(The records)
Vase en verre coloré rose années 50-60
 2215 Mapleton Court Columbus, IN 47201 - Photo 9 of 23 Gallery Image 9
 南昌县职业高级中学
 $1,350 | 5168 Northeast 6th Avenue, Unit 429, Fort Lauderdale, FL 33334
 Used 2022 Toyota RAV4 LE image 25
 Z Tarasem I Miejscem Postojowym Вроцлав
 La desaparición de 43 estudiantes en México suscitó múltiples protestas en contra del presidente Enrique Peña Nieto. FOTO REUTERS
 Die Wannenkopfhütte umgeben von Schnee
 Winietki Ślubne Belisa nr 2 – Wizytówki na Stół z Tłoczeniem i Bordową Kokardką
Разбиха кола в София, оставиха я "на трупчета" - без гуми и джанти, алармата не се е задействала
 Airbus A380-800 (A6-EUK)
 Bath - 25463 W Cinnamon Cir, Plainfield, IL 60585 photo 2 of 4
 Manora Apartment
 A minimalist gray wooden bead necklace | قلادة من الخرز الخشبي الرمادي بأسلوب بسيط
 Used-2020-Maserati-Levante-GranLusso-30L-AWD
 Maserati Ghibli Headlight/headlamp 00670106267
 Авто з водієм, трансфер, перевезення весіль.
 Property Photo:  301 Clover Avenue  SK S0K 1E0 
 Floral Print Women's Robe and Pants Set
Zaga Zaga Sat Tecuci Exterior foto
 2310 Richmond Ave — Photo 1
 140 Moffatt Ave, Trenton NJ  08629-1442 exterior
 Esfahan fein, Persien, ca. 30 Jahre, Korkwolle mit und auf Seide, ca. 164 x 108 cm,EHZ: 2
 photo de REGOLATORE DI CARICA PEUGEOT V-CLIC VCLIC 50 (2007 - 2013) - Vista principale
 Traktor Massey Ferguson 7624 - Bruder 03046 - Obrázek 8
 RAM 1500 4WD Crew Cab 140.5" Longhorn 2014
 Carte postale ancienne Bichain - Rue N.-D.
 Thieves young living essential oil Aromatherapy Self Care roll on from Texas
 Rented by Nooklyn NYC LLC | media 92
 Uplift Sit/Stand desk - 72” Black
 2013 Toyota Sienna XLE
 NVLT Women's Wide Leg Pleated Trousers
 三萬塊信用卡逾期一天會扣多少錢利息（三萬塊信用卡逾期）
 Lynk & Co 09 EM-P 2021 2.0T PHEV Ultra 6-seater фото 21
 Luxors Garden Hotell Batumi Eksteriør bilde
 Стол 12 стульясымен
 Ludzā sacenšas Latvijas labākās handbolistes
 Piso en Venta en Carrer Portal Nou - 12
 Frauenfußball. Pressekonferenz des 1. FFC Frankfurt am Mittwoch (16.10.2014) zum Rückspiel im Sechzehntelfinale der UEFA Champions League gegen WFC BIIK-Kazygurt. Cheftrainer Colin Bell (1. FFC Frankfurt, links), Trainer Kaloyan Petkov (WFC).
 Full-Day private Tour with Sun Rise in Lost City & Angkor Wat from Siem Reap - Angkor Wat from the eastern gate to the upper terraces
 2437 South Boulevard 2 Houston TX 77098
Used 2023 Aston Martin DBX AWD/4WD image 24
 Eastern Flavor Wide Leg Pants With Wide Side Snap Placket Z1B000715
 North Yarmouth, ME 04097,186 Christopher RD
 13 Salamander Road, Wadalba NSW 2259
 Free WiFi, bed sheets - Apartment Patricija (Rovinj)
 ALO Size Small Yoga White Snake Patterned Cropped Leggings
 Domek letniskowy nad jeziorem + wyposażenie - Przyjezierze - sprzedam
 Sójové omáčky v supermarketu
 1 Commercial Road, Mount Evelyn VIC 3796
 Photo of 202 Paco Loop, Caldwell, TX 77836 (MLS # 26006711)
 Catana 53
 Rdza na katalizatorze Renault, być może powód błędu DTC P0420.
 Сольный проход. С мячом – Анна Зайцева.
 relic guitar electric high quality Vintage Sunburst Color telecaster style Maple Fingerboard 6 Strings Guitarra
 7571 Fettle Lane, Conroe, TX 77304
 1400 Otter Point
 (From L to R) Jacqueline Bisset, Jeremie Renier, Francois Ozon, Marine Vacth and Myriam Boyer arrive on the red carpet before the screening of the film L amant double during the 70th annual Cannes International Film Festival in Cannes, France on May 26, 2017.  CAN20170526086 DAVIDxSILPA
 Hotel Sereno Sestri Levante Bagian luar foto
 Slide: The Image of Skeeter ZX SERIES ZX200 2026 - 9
(End The records)
**Task goal:**
Please restate the data word for word, every record included.

**Output for this task:**
Vase en verre coloré rose années 50-60
 2215 Mapleton Court Columbus, IN 47201 - Photo 9 of 23 Gallery Image 9
 南昌县职业高级中学
 $1,350 | 5168 Northeast 6th Avenue, Unit 429, Fort Lauderdale, FL 33334
 Used 2022 Toyota RAV4 LE image 25
 Z Tarasem I Miejscem Postojowym Вроцлав
 La desaparición de 43 estudiantes en México suscitó múltiples protestas en contra del presidente Enrique Peña Nieto. FOTO REUTERS
 Die Wannenkopfhütte umgeben von Schnee
 Winietki Ślubne Belisa nr 2 – Wizytówki na Stół z Tłoczeniem i Bordową Kokardką
Разбиха кола в София, оставиха я "на трупчета" - без гуми и джанти, алармата не се е задействала
 Airbus A380-800 (A6-EUK)
 Bath - 25463 W Cinnamon Cir, Plainfield, IL 60585 photo 2 of 4
 Manora Apartment
 A minimalist gray wooden bead necklace | قلادة من الخرز الخشبي الرمادي بأسلوب بسيط
 Used-2020-Maserati-Levante-GranLusso-30L-AWD
 Maserati Ghibli Headlight/headlamp 00670106267
 Авто з водієм, трансфер, перевезення весіль.
 Property Photo:  301 Clover Avenue  SK S0K 1E0 
 Floral Print Women's Robe and Pants Set
Zaga Zaga Sat Tecuci Exterior foto
 2310 Richmond Ave — Photo 1
 140 Moffatt Ave, Trenton NJ  08629-1442 exterior
 Esfahan fein, Persien, ca. 30 Jahre, Korkwolle mit und auf Seide, ca. 164 x 108 cm,EHZ: 2
 photo de REGOLATORE DI CARICA PEUGEOT V-CLIC VCLIC 50 (2007 - 2013) - Vista principale
 Traktor Massey Ferguson 7624 - Bruder 03046 - Obrázek 8
 RAM 1500 4WD Crew Cab 140.5" Longhorn 2014
 Carte postale ancienne Bichain - Rue N.-D.
 Thieves young living essential oil Aromatherapy Self Care roll on from Texas
 Rented by Nooklyn NYC LLC | media 92
 Uplift Sit/Stand desk - 72” Black
 2013 Toyota Sienna XLE
 NVLT Women's Wide Leg Pleated Trousers
 三萬塊信用卡逾期一天會扣多少錢利息（三萬塊信用卡逾期）
 Lynk & Co 09 EM-P 2021 2.0T PHEV Ultra 6-seater фото 21
 Luxors Garden Hotell Batumi Eksteriør bilde
 Стол 12 стульясымен
 Ludzā sacenšas Latvijas labākās handbolistes
 Piso en Venta en Carrer Portal Nou - 12
 Frauenfußball. Pressekonferenz des 1. FFC Frankfurt am Mittwoch (16.10.2014) zum Rückspiel im Sechzehntelfinale der UEFA Champions League gegen WFC BIIK-Kazygurt. Cheftrainer Colin Bell (1. FFC Frankfurt, links), Trainer Kaloyan Petkov (WFC).
 Full-Day private Tour with Sun Rise in Lost City & Angkor Wat from Siem Reap - Angkor Wat from the eastern gate to the upper terraces
 2437 South Boulevard 2 Houston TX 77098
Used 2023 Aston Martin DBX AWD/4WD image 24
 Eastern Flavor Wide Leg Pants With Wide Side Snap Placket Z1B000715
 North Yarmouth, ME 04097,186 Christopher RD
 13 Salamander Road, Wadalba NSW 2259
 Free WiFi, bed sheets - Apartment Patricija (Rovinj)
 ALO Size Small Yoga White Snake Patterned Cropped Leggings
 Domek letniskowy nad jeziorem + wyposażenie - Przyjezierze - sprzedam
 Sójové omáčky v supermarketu
 1 Commercial Road, Mount Evelyn VIC 3796
 Photo of 202 Paco Loop, Caldwell, TX 77836 (MLS # 26006711)
 Catana 53
 Rdza na katalizatorze Renault, być może powód błędu DTC P0420.
 Сольный проход. С мячом – Анна Зайцева.
 relic guitar electric high quality Vintage Sunburst Color telecaster style Maple Fingerboard 6 Strings Guitarra
 7571 Fettle Lane, Conroe, TX 77304
 1400 Otter Point
 (From L to R) Jacqueline Bisset, Jeremie Renier, Francois Ozon, Marine Vacth and Myriam Boyer arrive on the red carpet before the screening of the film L amant double during the 70th annual Cannes International Film Festival in Cannes, France on May 26, 2017.  CAN20170526086 DAVIDxSILPA
 Hotel Sereno Sestri Levante Bagian luar foto
 Slide: The Image of Skeeter ZX SERIES ZX200 2026 - 9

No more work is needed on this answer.